START Data for review

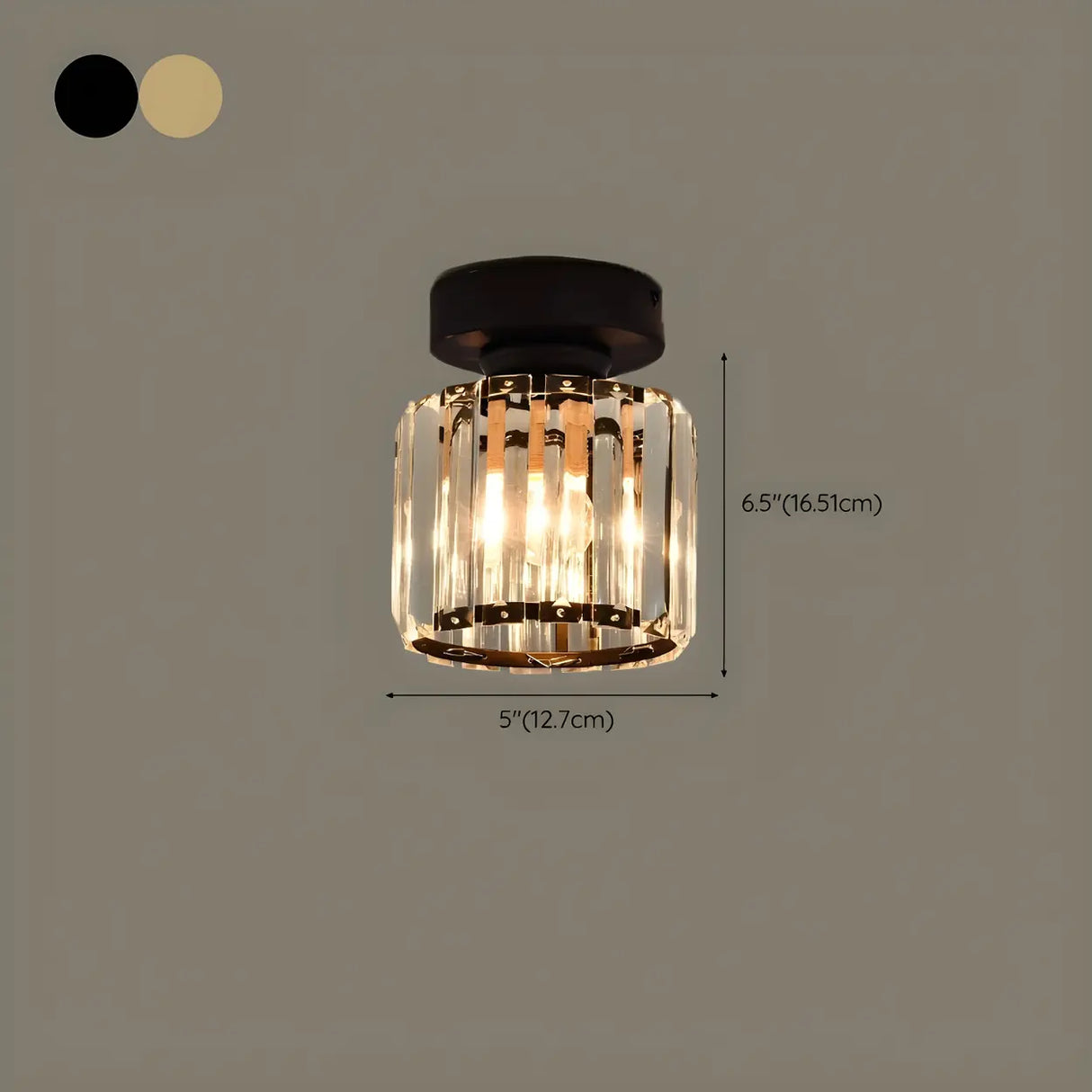 Aisle Vintage Black Cage Crystal Semi-Flush Mount Light 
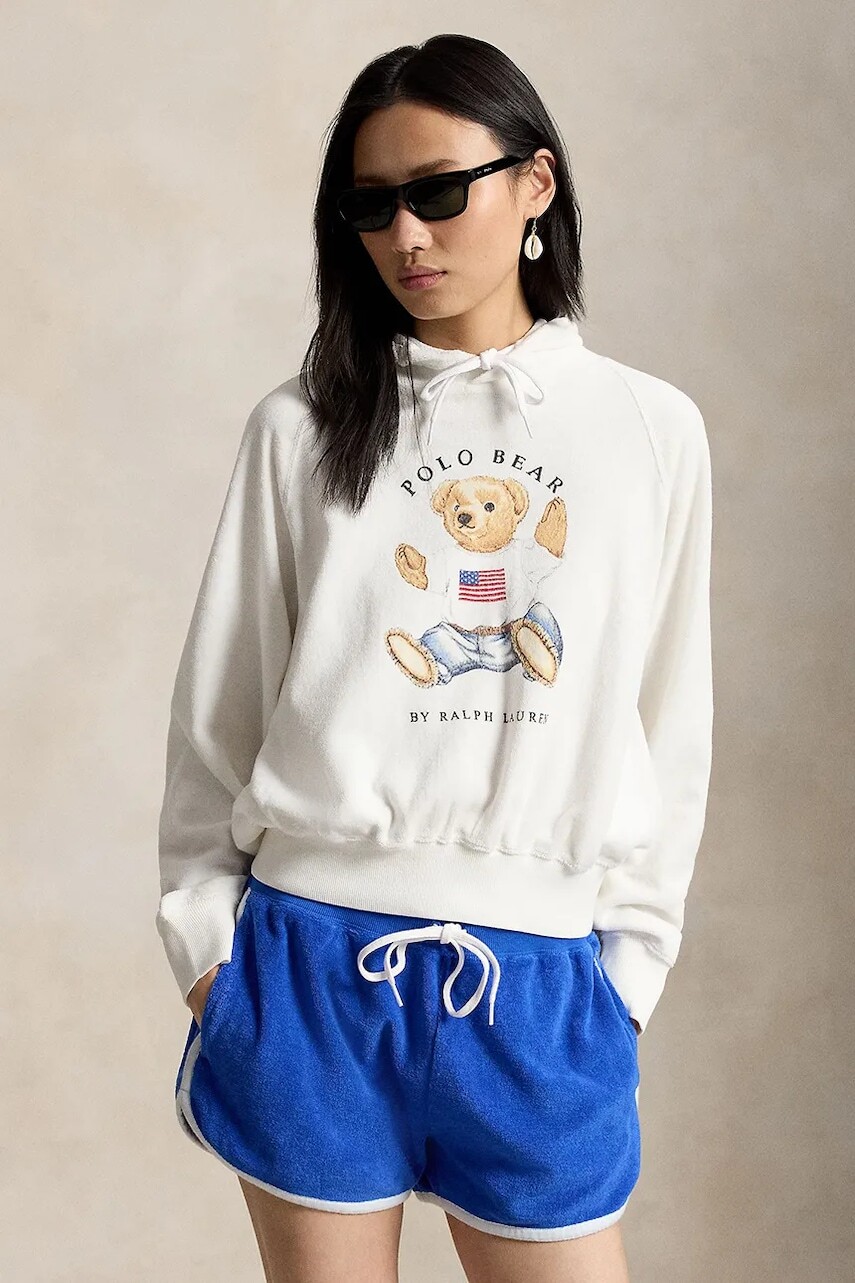 Polo Ralph Lauren mikina s kapucňou dámska bavlnená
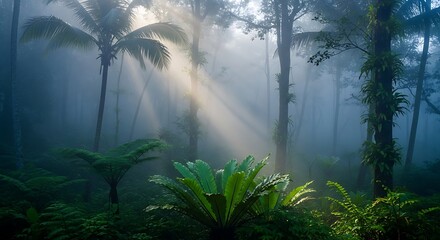 Sunlight piercing through the misty rainforest canopy, creating a magical atmosphere.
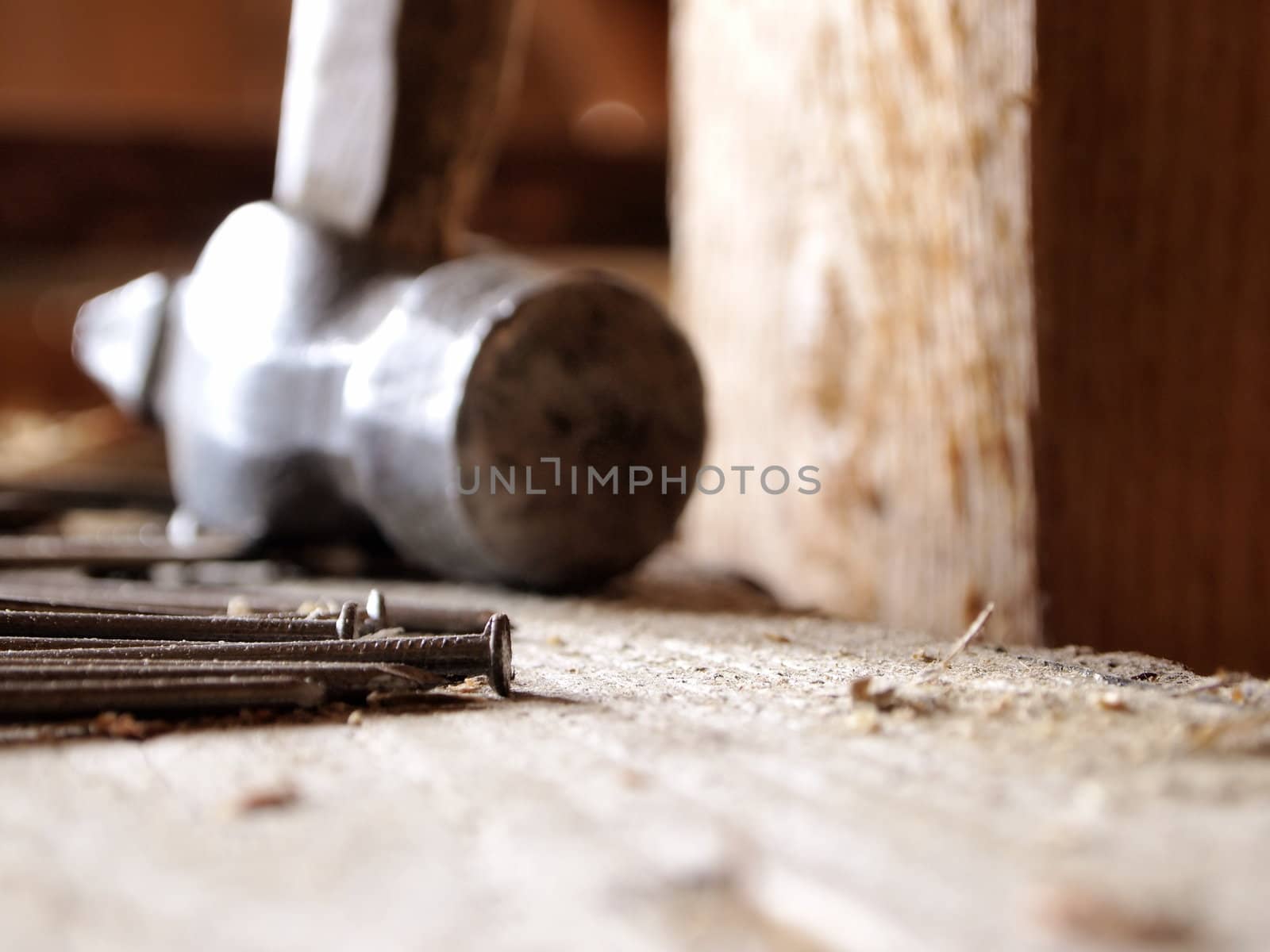 rusty nails and  old hammer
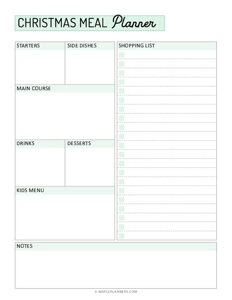 Christmas Meal Planner Template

END Data for review

§ Prompt: Without the pictures, please output every record exactly.

§ Solution to this exercise:
 Aisle Vintage Black Cage Crystal Semi-Flush Mount Light 
 Polo Ralph Lauren mikina s kapucňou dámska bavlnená
 Sunlight piercing through the misty rainforest canopy, creating a magical atmosphere.
 rusty nails and  old hammer
 Christmas Meal Planner Template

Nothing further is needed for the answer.